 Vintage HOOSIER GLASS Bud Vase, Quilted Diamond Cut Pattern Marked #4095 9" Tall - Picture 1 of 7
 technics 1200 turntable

■ ■ ■

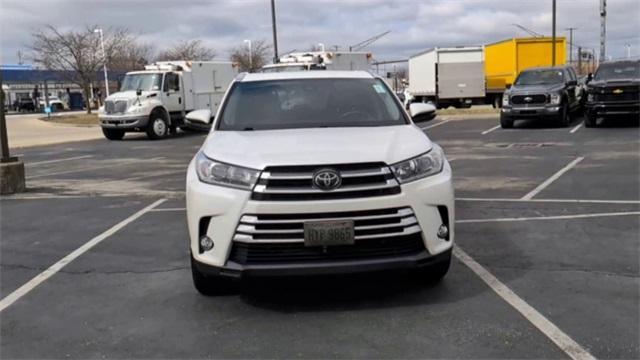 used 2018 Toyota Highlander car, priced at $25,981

■ ■ ■

→ YOUR TASK
Repeat word for word the lines above that run from the line containing "Vintage HOOSIER GLASS" through the line containing "technics 1200 turntable", both ends included, and nothing else.

→ EXERCISE ANSWER
 Vintage HOOSIER GLASS Bud Vase, Quilted Diamond Cut Pattern Marked #4095 9" Tall - Picture 1 of 7
 technics 1200 turntable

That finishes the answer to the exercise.